La domanda di abitazioni nelle grandi città non segue un modello unico. L’analisi dell’Ufficio Studi Tecnocasa sulle operazioni realizzate dalla propria rete nel 2025, ripresa da idealista/news, mostra differenze tra composizione familiare, età e tipologia degli immobili. I dati riguardano le agenzie considerate, non tutte le transazioni italiane.
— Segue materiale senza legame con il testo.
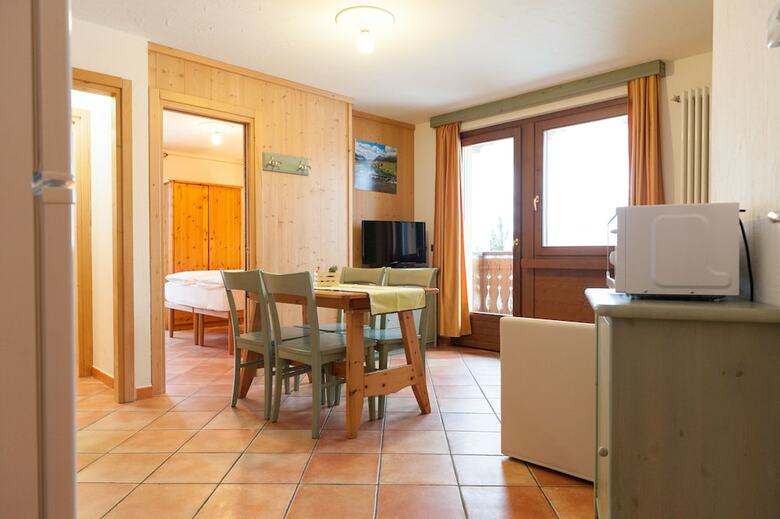 Apartamento Residence Bait Da Mott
A Milano i single rappresentano il 46,9% degli acquirenti, mentre a Palermo e Napoli pesano maggiormente le famiglie. Nella maggior parte delle città prevale il trilocale; Milano e Torino si distinguono per il bilocale. La distribuzione dei tagli rispecchia esigenze abitative differenti e si confronta con il budget disponibile.
L’acquisto dell’abitazione principale resta centrale, ma convive con la ricerca di immobili da mettere a reddito. Le due motivazioni possono interessare gli stessi immobili, con valutazioni diverse: stabilità e servizi per chi vi abita, domanda locativa e costi di gestione per chi investe.
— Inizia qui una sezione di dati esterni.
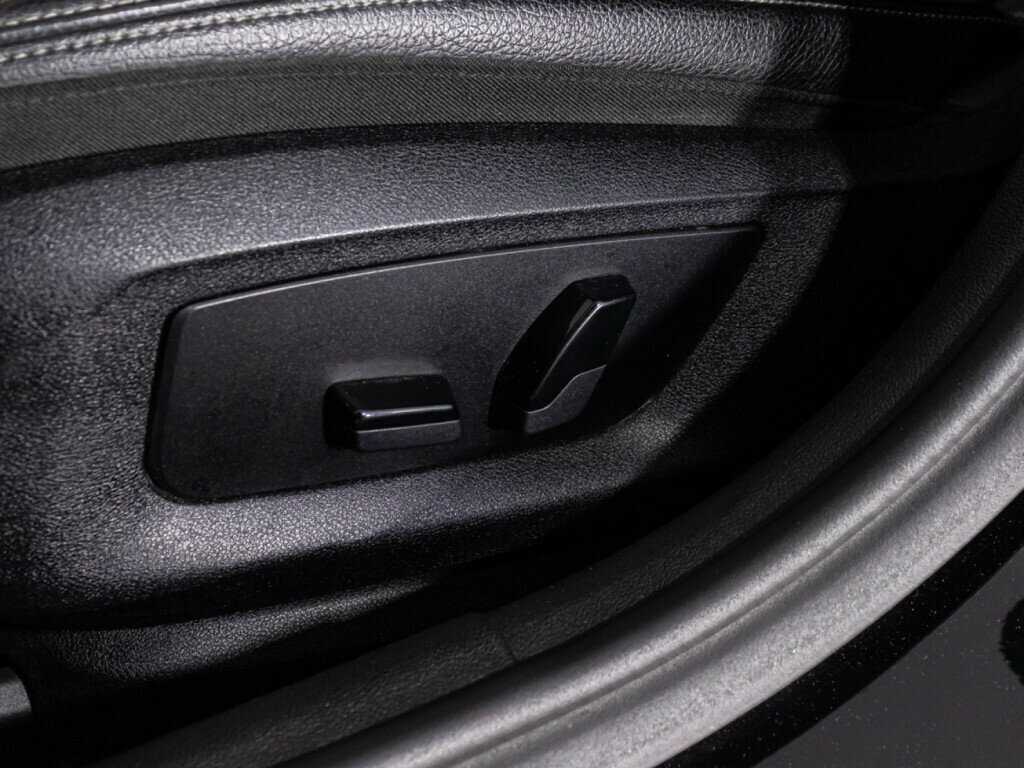 BMW 5 серии 2017 года с пробегом. Фото: #16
Conta il rapporto tra metratura e prezzo. Un alloggio piccolo può richiedere un esborso totale inferiore a uno più grande, ma non essere economico in rapporto ai metri quadrati. Distribuzione interna, stato manutentivo e spese condominiali contribuiscono al costo complessivo della scelta, oltre al prezzo richiesto.
La condizione di single comprende situazioni diverse: giovani al primo acquisto, persone separate e nuclei composti da un solo adulto possono esprimere bisogni e capacità finanziarie molto lontani. La statistica aiuta a leggere il mercato, senza sostituire l’analisi delle esigenze individuali.
Per chi sviluppa o riqualifica immobili, emerge l’utilità di progettare spazi compatti ma funzionali, con luce, deposito e ambienti utilizzabili senza superfici sprecate. La domanda urbana non coincide semplicemente con la riduzione delle dimensioni: conta la qualità dell’abitare. Accesso ai trasporti, vicinanza ai servizi e sostenibilità delle spese possono incidere sulla scelta quanto la superficie dichiarata.